That simple question and its answer helps you build a crucial understanding of each other. You may not actually feel what your spouse feels, but at least you give your spouse the opportunity to tell you how he or she feels. And then, even when you find yourself in a thoughtless mood, the POJA forces you to be thoughtful.

You are now a team, no longer two independent individuals. As life partners, you should work together to achieve objectives that benefit both of you simultaneously. Why should one of you consider your own interests to be so important that you can run roughshod over the interests of the other? That’s a formula for marital disaster. A team can’t survive if each member is pulling against the other.

When I first see a couple in marital crisis, they are usually living their lives as if the other hardly exists, making thoughtless decisions regularly because they don’t care how the other feels. As a result, when I introduce the Policy of Joint Agreement, it seems totally irrational to them. Their way of life is based on so many inconsiderate habits that the policy seems to threaten their very existence.

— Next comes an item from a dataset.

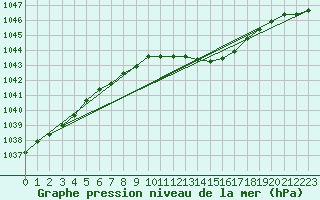 Courbe de la pression atmosphrique pour Kyritz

At first, neither spouse wants to abandon their thoughtless and insensitive lifestyle. But I challenge them to try it for just a few weeks, and the more they try following the policy, the easier it becomes to reach agreement. They replace thoughtless decisions with those that take each other’s feelings into account. And they develop real compatibility—building a way of life that is comfort- able for both of them.

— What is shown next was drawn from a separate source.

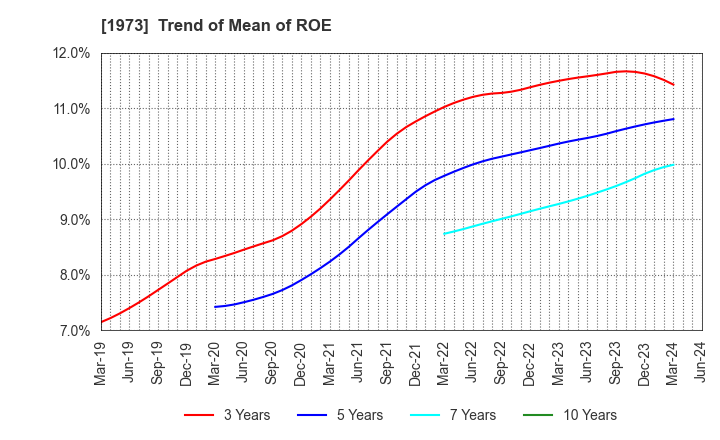 1973 NEC Networks & System Integration Corp.: Trend of Mean of ROE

I think you can see why thoughtless behavior ruins a marriage. It not only creates massive Love Bank withdrawals, destroying romantic love, but it also proves that spouses don’t really care about each other. If they did care, they would be thoughtful of each other—they would make decisions that take each other’s feelings into account.

No wonder so many people are disillusioned by marriage. I’d be disillusioned too if Joyce were to ignore my feelings when she makes decisions. But that’s not the way it has to be. It’s certainly not the way it’s been in our marriage. By making our decisions together, Joyce and I demonstrate our care for each other, and as a result, our marriage continues to be very fulfilling for both of us.

When a couple makes a commitment to share power and control with each other by following the POJA, their lives begin to blend and their love for each other grows. At that point they are using what I call the democracy strategy to resolve their conflicts.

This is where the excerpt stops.